La vita consacrata comunitaria è la grande sfida del presente…tutt’altro che sorpassata! Testimonianza e profezia. Antidoto anti-narcisista. Custode e messaggera di solidarietà, che nel mondo è ormai in crisi[12]; interlocutrice adulta dei suoi contemporanei ‘esterni’, a cui offre una valida alternativa sia rispetto ad un’emozionalità superficiale che all’isolamento egoistico.

Il vuoto creato da relazioni, che per quanto belle non costituiscono ancora la risposta ultima all’inquietudine del cuore umano, non sarebbe, allora, occasione per mandare all’aria il vivere insieme, ma si offrirebbe come spazio di richiamo alla presenza di un Terzo, il vero ‘garante’ e modello dei nostri incontri interpersonali.

 



[1] La tradizione fa risalire la conversione di Costantino (molto discussa nella sua autenticità) al 312 quando, durante una battaglia contro Massenzio, sul Ponte Milvio, egli avrebbe visto nel cielo un segno luminoso: una croce con la scritta “In hoc signo vinces”. Affiancando all’aquila romana il vessillo della croce Costantino, il mattino seguente, avrebbe così affrontato e sconfitto il nemico.

[2]L’altro che segue con le leggi e meco/ sotto buona intenzion che fè mal frutto/ per cedere al pastor si fece greco/ ora conosce come il mal dedutto/dal suo bene operar non li è nocivo/avvenga che sia ‘l mondo indi distrutto”. Paradiso, Canto XX.

[3] La parola nella sua origine etimologica non indica una particolare categoria di consacrati e neppure i ‘solitari’ come si è portati a  pensare, ma coloro che cercano l’unità del cuore, secondo le parole del salmo, “donami un cuore semplice – unificato, letteralmente – che tema il tuo nome” (Sl 86,11).

[4] Cf. Penco G., Il Monachesimo, Mondatori, Milano 2000, pp.15-31.

[5] È la domanda che la Regola di Benedetto (LX, 3) fa porre ai sacerdoti che aspirino alla vita monastica, ma che, in altra forma, rivolge anche ad ogni nuovo venuto “si revera Deum quaerit” (LVIII, 7).

[6] Manenti A., Vivere insieme.
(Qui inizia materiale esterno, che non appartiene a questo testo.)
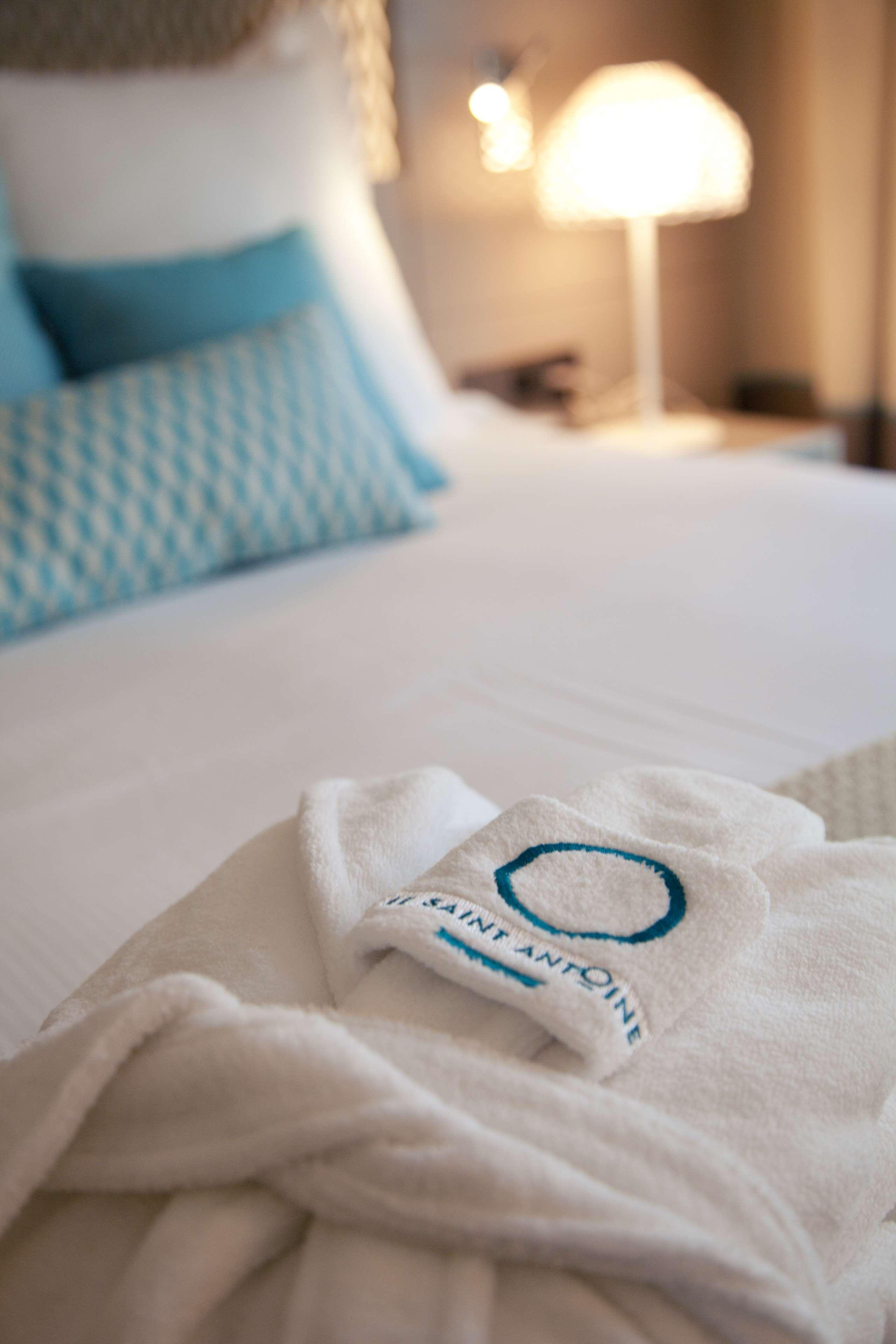 BW Premier Collection Le Saint Antoine Hotel Et Spa Ренн Экстерьер фото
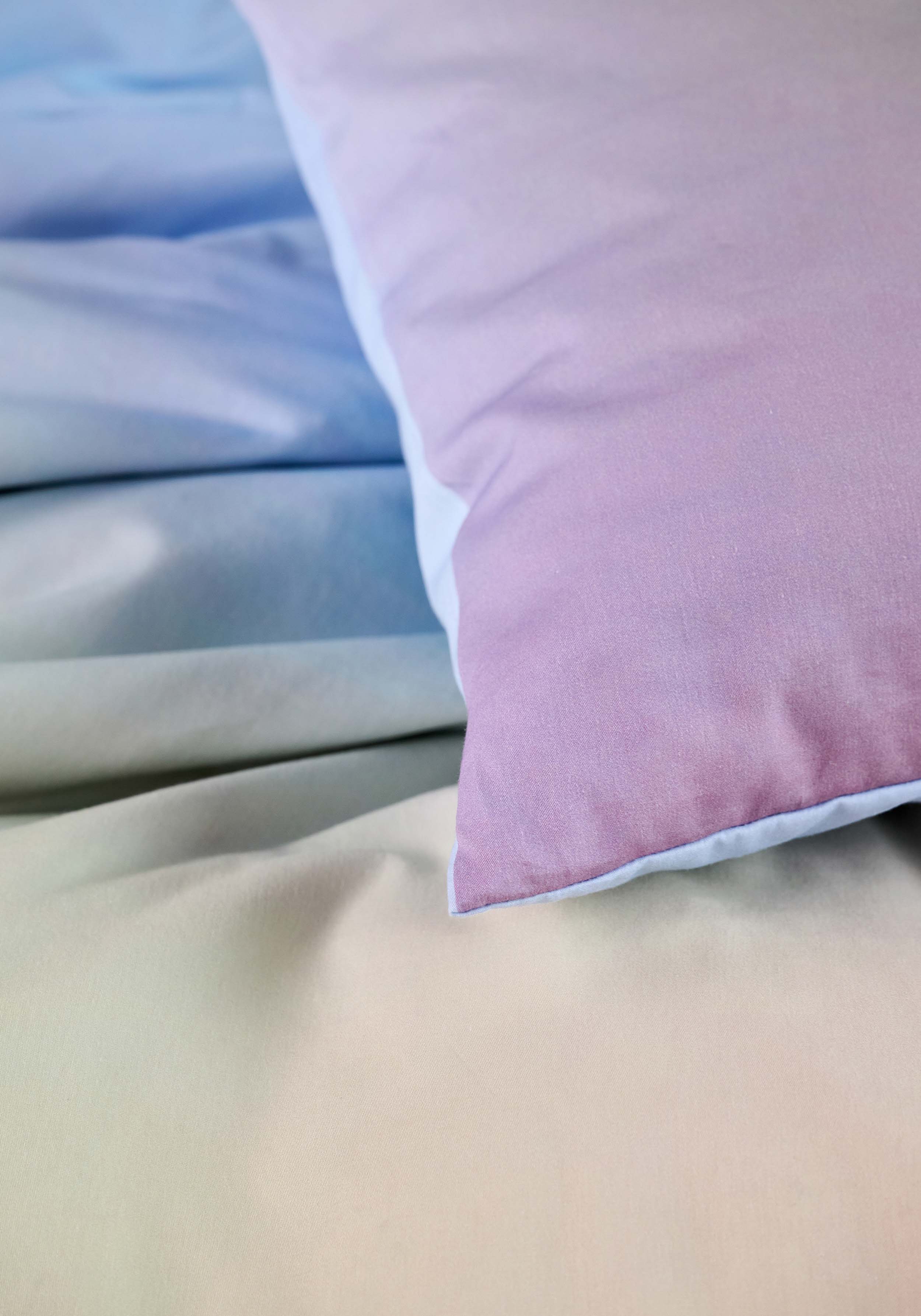 Lavie Kissenbezug Ida Sky/Plum
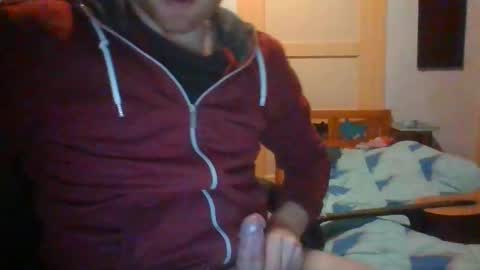 Alfredo Ginger huge cock online show from January 26, 2025, 6:48 pm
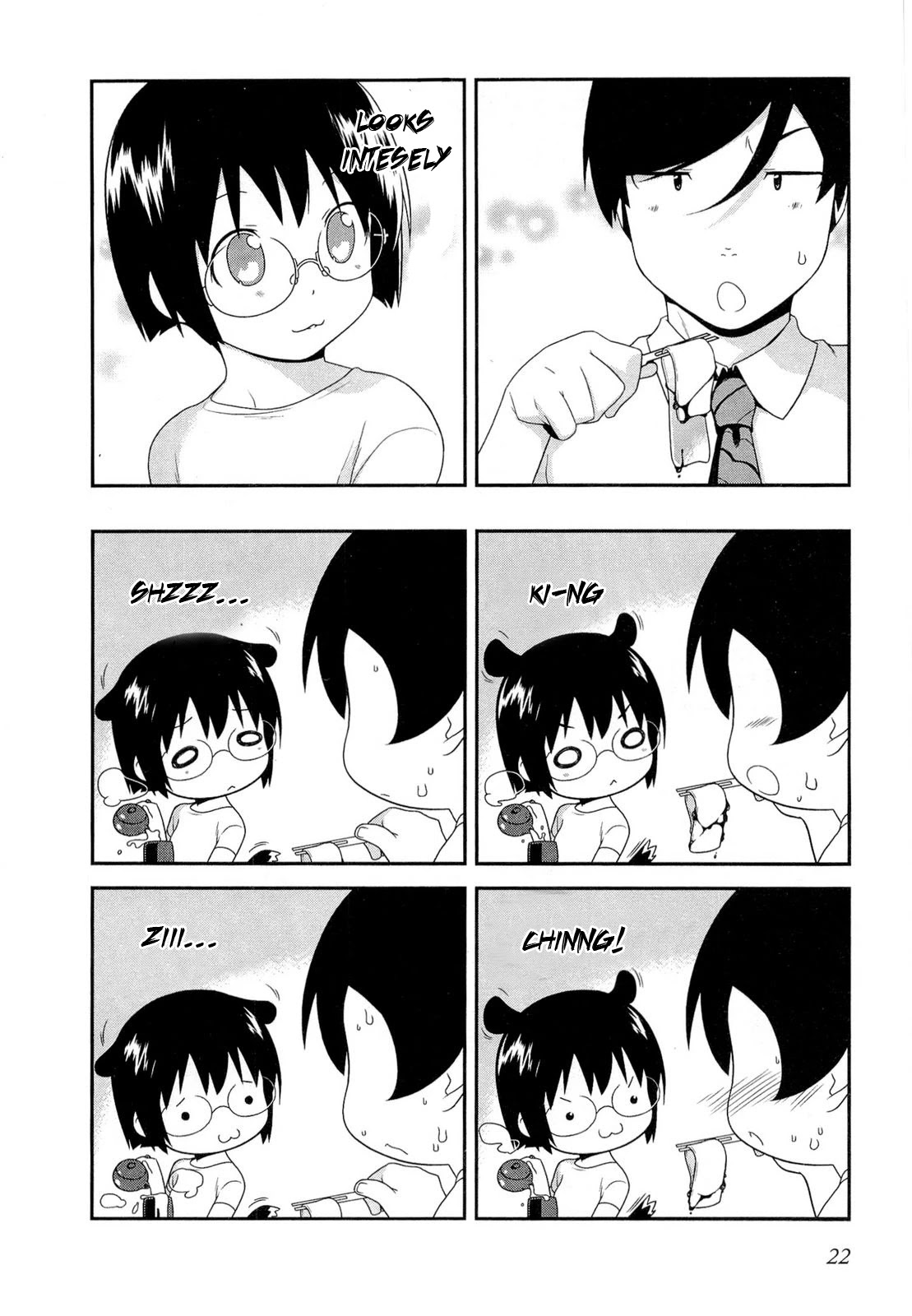 Ore no Imouto ga Konna ni Kawaii Wake ga Nai Chapter 15 page 26 - Chapter 15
Aspetti psicologici, EDB, Bologna 1991, pp.31-33.

[7] O’ Dea T.F., Sociologia della religione, Il Mulino, Bologna 1966, p.152.
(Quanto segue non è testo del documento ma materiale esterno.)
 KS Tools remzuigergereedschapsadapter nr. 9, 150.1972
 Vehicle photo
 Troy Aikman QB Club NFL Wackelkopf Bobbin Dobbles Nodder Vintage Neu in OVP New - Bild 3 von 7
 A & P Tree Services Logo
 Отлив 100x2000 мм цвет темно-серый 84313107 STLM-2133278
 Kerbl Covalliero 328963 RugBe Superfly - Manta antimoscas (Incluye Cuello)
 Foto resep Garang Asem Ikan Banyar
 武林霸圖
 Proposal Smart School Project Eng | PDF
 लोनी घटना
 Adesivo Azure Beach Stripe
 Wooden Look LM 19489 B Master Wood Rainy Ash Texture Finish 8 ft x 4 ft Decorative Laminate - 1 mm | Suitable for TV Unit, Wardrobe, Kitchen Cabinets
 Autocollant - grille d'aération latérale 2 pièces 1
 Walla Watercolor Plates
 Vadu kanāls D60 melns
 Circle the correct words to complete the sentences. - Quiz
[8]To tell them that the relationships within the community provide the answer to their wish for closeness misleads them”. McAllister R.J., Living the vows. The emotional conflicts of Celibate Religious, Harper and Row, San Francisco 1986, p.46.

[9] Cf. Godin A., Psicologia delle esperienze religiose, Queriniana, Brescia 1983. p.219.
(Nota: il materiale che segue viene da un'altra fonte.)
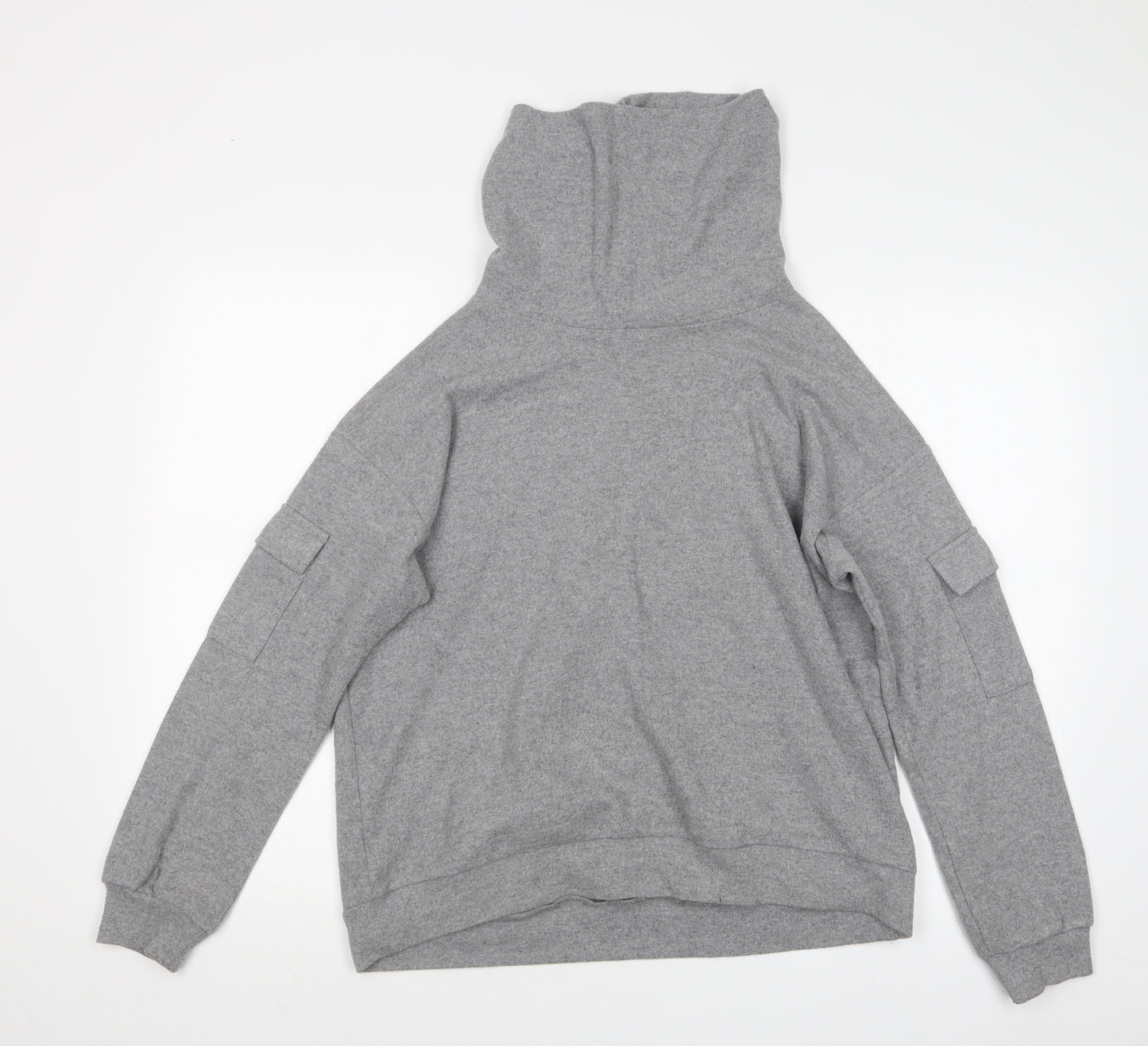 Select Womens Grey   Pullover Jumper Size 12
[10] Congregazione per gli Istituti di Vita Consacrata e le Società di Vita Apostolica, La vita fraterna in comunità, 2 febbraio 1994, n.37.

[11] Winnicott D., Sviluppo affettivo ed ambiente, Armando, Roma 200316, p.35.

[12] Cf. Cantelmi T., Una pericolosa enfasi. Il rischio di comportamenti emulativi e di rancori sociali, SIR, Servizio Informazione Religiosa, 10 maggio 2012.